Ruth mengutip pemikiran filsuf feminis asal Australia Ariel Salleh yang memadukan gagasan ekologi, feminisme, dan sosialisme dalam kritik terhadap kapitalisme.


Menurut Salleh, kehidupan seharusnya dilihat sebagai proses metabolisme nilai, hubungan saling menghidupi antara manusia, tenaga kerja, dan ekosistem, bukan semata rantai pasok komoditas yang mengejar akumulasi kapital.


“Ekofeminisme mengajarkan kita bahwa kehidupan itu berputar dan saling menghidupi, seperti metabolisme tubuh dan alam. Sementara kapitalisme hanya mengenal rantai pasok dan nilai komoditas. Akibatnya, manusia dan alam sama-sama tereksploitasi,” ujar Ruth.

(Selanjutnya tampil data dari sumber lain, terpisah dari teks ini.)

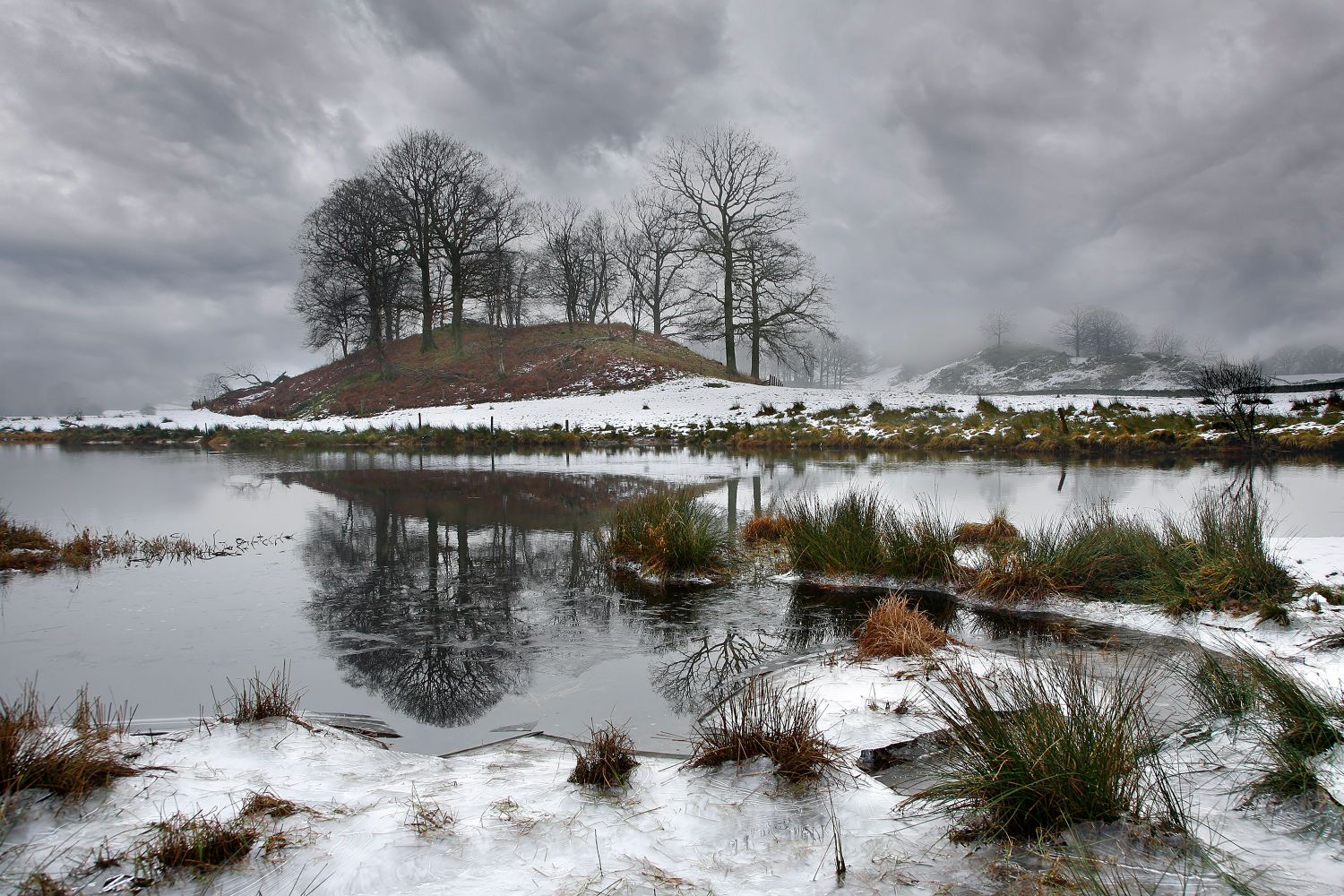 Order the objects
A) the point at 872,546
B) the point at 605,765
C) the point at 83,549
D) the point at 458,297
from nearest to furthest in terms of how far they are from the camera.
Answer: the point at 605,765 < the point at 872,546 < the point at 83,549 < the point at 458,297

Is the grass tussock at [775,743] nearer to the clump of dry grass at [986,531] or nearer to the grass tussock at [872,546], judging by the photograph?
the grass tussock at [872,546]

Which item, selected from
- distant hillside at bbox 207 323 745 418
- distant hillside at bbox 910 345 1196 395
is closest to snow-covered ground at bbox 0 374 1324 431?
distant hillside at bbox 207 323 745 418

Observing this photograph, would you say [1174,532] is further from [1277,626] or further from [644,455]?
[644,455]

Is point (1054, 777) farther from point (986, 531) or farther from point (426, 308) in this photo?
point (426, 308)

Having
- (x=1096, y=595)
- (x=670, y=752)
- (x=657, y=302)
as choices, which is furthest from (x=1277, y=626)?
(x=657, y=302)

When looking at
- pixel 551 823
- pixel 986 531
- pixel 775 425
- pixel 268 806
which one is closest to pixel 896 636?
pixel 551 823

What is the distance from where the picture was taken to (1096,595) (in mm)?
5816

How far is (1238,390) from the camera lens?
15.6 metres

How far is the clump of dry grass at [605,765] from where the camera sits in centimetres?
292

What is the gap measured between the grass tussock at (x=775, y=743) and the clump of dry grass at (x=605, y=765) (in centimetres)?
31

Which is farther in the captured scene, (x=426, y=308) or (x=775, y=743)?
(x=426, y=308)

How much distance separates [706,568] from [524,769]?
13.2 feet

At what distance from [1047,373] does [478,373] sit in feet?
273

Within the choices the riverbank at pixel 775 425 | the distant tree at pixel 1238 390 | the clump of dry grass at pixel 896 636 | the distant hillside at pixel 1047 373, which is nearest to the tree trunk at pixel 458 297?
the riverbank at pixel 775 425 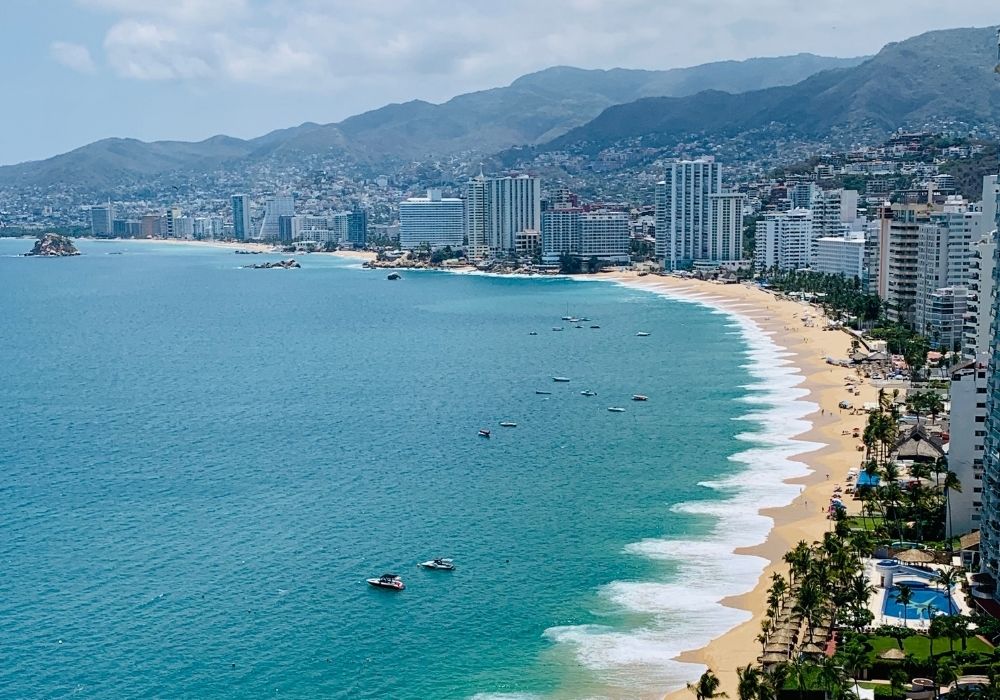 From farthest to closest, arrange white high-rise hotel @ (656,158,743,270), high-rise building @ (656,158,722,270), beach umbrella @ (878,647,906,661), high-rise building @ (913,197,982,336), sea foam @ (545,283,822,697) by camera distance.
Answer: high-rise building @ (656,158,722,270) < white high-rise hotel @ (656,158,743,270) < high-rise building @ (913,197,982,336) < sea foam @ (545,283,822,697) < beach umbrella @ (878,647,906,661)

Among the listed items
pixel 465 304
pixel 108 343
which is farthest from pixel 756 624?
pixel 465 304

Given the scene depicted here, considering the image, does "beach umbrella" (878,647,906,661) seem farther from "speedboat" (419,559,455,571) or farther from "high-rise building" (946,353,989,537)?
"speedboat" (419,559,455,571)

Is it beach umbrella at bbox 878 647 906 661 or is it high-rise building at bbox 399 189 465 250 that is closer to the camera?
beach umbrella at bbox 878 647 906 661

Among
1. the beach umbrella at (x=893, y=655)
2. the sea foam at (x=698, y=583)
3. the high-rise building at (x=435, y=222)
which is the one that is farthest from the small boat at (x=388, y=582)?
the high-rise building at (x=435, y=222)

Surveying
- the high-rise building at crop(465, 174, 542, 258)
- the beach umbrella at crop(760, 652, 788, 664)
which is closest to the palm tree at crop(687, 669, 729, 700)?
the beach umbrella at crop(760, 652, 788, 664)

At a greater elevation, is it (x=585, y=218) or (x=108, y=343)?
(x=585, y=218)

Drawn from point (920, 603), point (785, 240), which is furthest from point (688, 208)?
point (920, 603)

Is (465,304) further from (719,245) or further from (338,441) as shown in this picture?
(338,441) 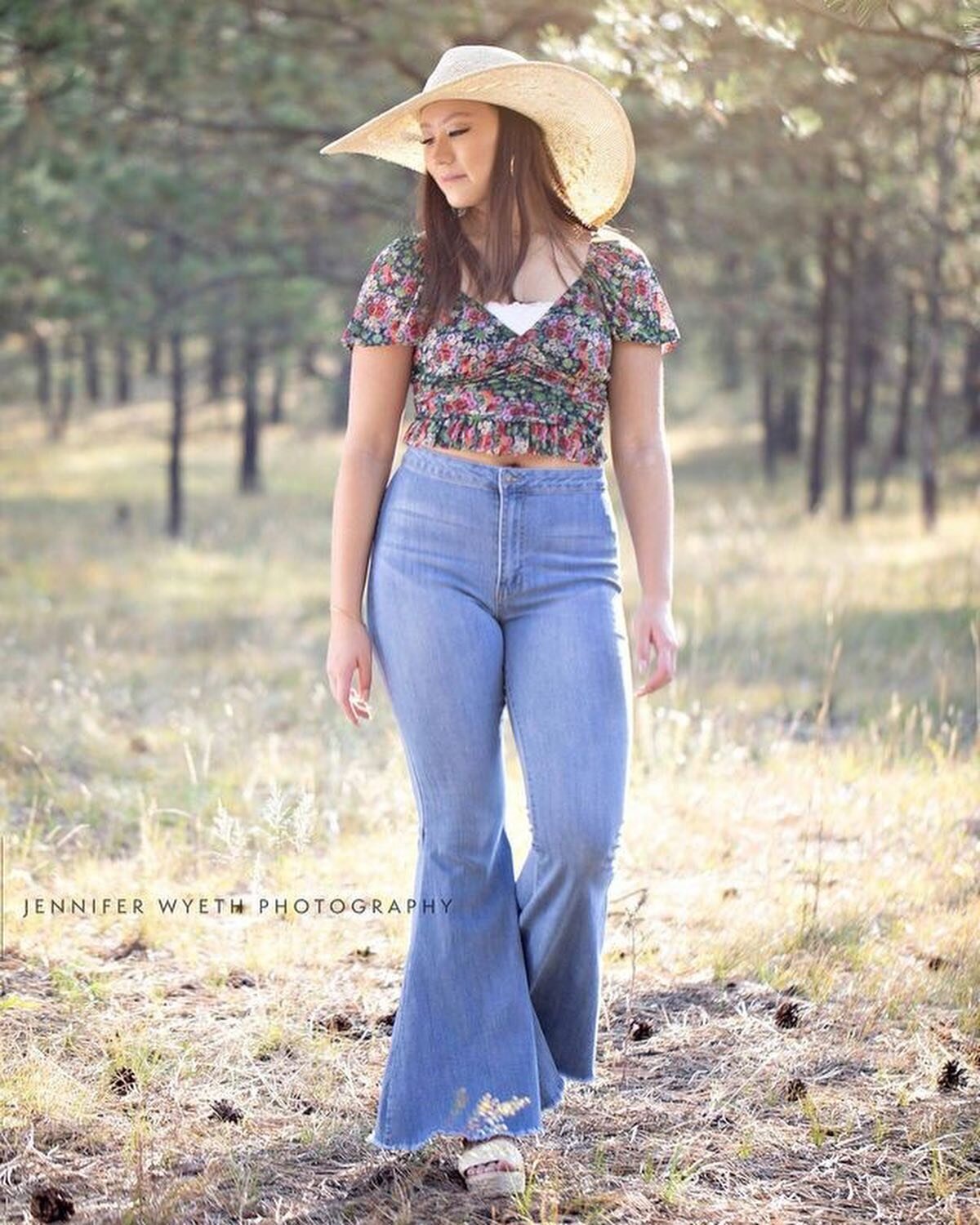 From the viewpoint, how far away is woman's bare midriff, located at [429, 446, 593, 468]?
9.58 feet

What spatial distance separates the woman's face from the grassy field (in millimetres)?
1461

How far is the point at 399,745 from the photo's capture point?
592 centimetres

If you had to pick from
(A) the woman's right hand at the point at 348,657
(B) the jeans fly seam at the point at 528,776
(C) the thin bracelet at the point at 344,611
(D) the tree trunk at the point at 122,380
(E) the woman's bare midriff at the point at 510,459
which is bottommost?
(D) the tree trunk at the point at 122,380

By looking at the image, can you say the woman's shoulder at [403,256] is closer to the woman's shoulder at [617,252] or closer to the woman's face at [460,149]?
the woman's face at [460,149]

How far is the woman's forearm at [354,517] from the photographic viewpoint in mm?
3027

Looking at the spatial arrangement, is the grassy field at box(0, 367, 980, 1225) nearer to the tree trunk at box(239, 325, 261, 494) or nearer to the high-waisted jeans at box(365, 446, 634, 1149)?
the high-waisted jeans at box(365, 446, 634, 1149)

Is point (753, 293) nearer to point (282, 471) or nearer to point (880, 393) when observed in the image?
point (282, 471)

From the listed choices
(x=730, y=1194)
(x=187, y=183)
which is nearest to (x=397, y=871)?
(x=730, y=1194)

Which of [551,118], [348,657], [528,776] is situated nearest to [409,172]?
Result: [551,118]

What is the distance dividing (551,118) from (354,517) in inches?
36.8

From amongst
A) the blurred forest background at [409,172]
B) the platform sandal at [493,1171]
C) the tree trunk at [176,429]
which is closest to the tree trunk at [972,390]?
the blurred forest background at [409,172]

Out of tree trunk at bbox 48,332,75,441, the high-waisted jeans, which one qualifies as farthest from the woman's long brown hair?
tree trunk at bbox 48,332,75,441

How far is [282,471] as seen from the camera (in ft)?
91.7

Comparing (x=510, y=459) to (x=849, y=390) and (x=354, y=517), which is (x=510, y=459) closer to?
(x=354, y=517) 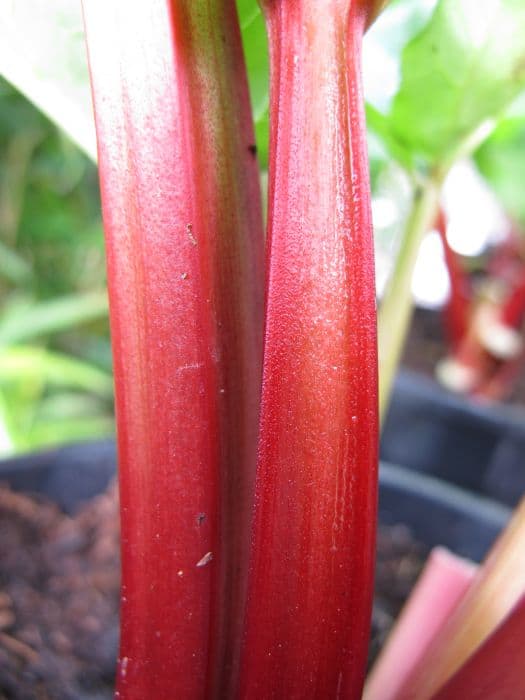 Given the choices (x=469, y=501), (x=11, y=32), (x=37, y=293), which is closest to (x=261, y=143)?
(x=11, y=32)

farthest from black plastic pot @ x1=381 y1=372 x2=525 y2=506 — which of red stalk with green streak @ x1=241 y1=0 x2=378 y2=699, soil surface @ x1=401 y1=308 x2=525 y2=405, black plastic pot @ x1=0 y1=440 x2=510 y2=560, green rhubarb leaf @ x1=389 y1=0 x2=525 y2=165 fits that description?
red stalk with green streak @ x1=241 y1=0 x2=378 y2=699

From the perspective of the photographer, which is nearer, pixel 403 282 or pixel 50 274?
pixel 403 282

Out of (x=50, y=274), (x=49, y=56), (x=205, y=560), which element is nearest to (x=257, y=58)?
(x=49, y=56)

Lebih lanjut, Ruth menyoroti proyek strategis nasional yang sering digadang mampu meningkatkan pertumbuhan ekonomi, tetapi justru meninggalkan kerusakan ekologis. Ia menilai, hal ini menjadi contoh nyata bagaimana kebijakan ekonomi nasional kerap mengabaikan keseimbangan antara manusia dan alam.


“Gunung-gunung diruntuhkan, tanah diangkut tanpa pernah kita dengarkan keluhannya. Bumi kehilangan kesempatan untuk memulihkan diri,” ucapnya.


Dalam pandangan ekofeminisme, lanjut Ruth, bumi dan perempuan memiliki pengalaman yang saling berkelindan. Keduanya sering menjadi korban eksploitasi atas nama kemajuan ekonomi.


Ia menegaskan bahwa keberlanjutan sosial dan ekonomi hanya mungkin terwujud jika ditopang oleh sistem ekologis yang sehat.


“Kehidupan sosial manusia tidak akan lestari jika ekologi dirusak. Politik kehidupan adalah politik merawat, bukan menguras,” tegasnya.


Ruth juga mengkritik ekonomi modern yang semata diukur melalui angka pertumbuhan. Ia menilai ukuran makroekonomi seperti kenaikan Produk Domestik Bruto (PDB) tidak pernah benar-benar mencerminkan kesejahteraan rakyat.


“Kita sering mendengar klaim pertumbuhan ekonomi 5 persen, tapi pada saat yang sama rakyat masih kehilangan pekerjaan, harga pangan melonjak, dan lingkungan rusak. Ini manipulasi statistik yang menutupi realitas krisis,” ujarnya.